It's been over a year since the Williamston Depot Museum had to close.
“It was closed over a year like most museums, because you're a small space, multiple people, things like that,” said board member Earl Wolf
On Sunday, they're reopening with two new exhibits.
“It was closed over a year like most museums, because you're a small space, multiple people, things like that,” said board member Earl Wolf
Linda Siciliano made an exhibit about Barrett's clothing store.
“Barrett’s is the longest-running business in Williamston," Wolf said. "It goes back to 1909. It carried men's wear and dry goods and became synonymous with downtown Williamston for generations.”
The store closed in 2019 and most of the items in the exhibit came from the store's attic.
“It’s reopening with another function, but hopefully they keep that name because it’s just an icon in the Williamston community.”
While the Barrett's exhibit will only be up temporarily, the other new one will stick around.
“This is a permanent exhibit that is created to recreate how the telegraph station would have actually been in a depot along the railroad tracks,” Wolf said.
Wolf created the telegraph exhibit and he said he got the idea from staring at the bay windows in the museum and from some of the artifacts they already had.

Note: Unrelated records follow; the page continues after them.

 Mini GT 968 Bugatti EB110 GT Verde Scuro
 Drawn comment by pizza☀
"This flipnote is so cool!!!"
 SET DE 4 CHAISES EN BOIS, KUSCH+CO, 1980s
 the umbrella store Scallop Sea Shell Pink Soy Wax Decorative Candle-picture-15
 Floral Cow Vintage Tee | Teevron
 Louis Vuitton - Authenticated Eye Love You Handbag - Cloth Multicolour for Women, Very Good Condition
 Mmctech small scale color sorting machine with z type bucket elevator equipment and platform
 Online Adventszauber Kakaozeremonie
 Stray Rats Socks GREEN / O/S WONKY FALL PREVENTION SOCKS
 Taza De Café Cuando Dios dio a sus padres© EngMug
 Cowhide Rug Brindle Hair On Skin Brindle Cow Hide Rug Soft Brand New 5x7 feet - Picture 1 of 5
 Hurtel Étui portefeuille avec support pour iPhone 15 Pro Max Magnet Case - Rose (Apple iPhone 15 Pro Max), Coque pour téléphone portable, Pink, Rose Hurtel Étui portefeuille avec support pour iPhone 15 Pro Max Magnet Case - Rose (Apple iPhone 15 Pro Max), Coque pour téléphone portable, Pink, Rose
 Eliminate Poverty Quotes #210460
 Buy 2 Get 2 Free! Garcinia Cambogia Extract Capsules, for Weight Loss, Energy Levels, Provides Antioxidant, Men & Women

“We’d sit here all the time and look at this bay window and said what is the point of this bay window and then we realized, of course, that almost every train depot had a bay window,” Wolf said.

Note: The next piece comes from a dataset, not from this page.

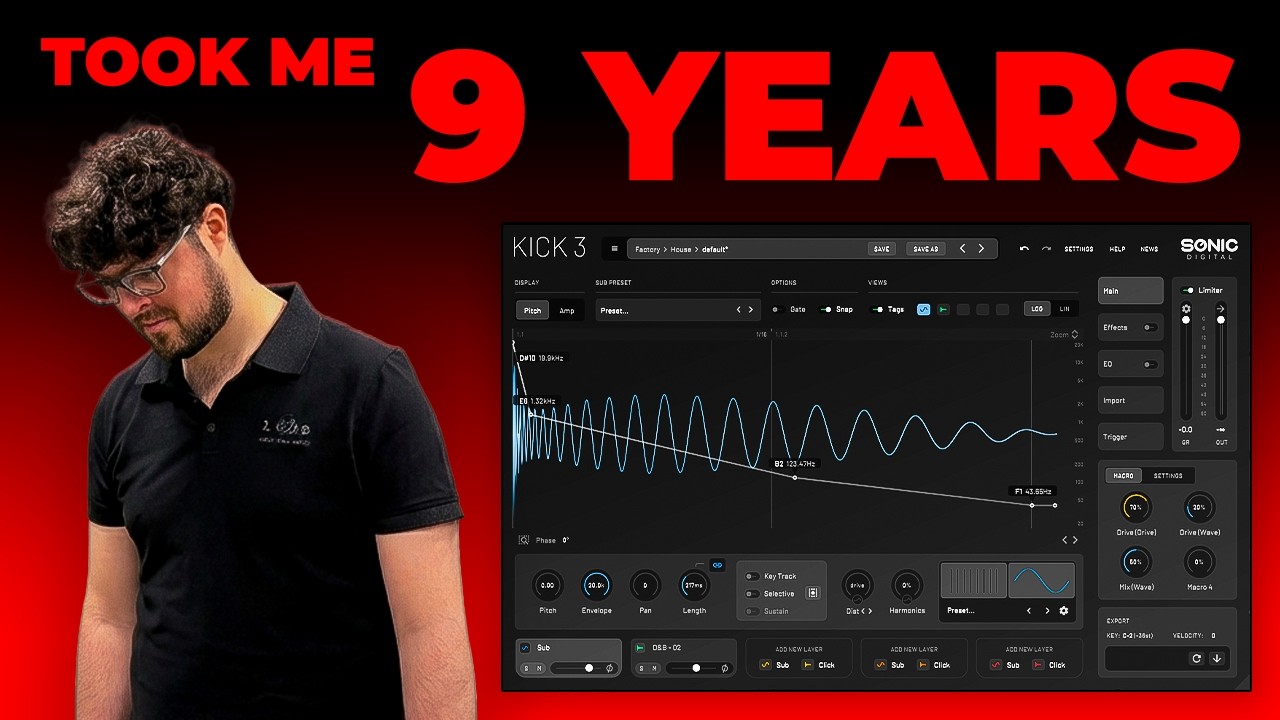 Psy Trance Kick Tutorial Without Samples (The Scientific Method)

That's when they found a man in Battle Creek who taught Wolf everything he needed to know.
“There’s almost no one alive who knows how this stuff works unless they learned a modern system in military or something and then we found Robert,” Wolf said.
Robert Hibbard worked as a telegrapher for most of his life and gave the artifacts he saved to the museum.
“He’s been doing this since before the Korean War and so he knows all how this worked and interacted with the train lines in our communities around here,” Wolf said.
The telegraphs are even interactive.
“Very few people know how to do it, know how to operate it and put it all back together again and Robert’s one of those guys and he’s just a treasure,” said Wolf.
Wolf said this exhibit is important because telegraphs are a part of Williamston history.
“Before telegraph, every message on Earth could only go as fast as the human carrying it," Wolf said. "Telegraph came along, boom, it's the explosion of cellular age.”
Wolf said he can't wait to welcome people back.
“Get out of the house it’s a rainy day anyway and rainy days in museums and great together,” Wolf said.
The museum will be open from 2 p.m. to 4 p.m. on Sunday. Hibbard will talk about his life as a railroad telegrapher at 3 p.m. The event is free and open to the community.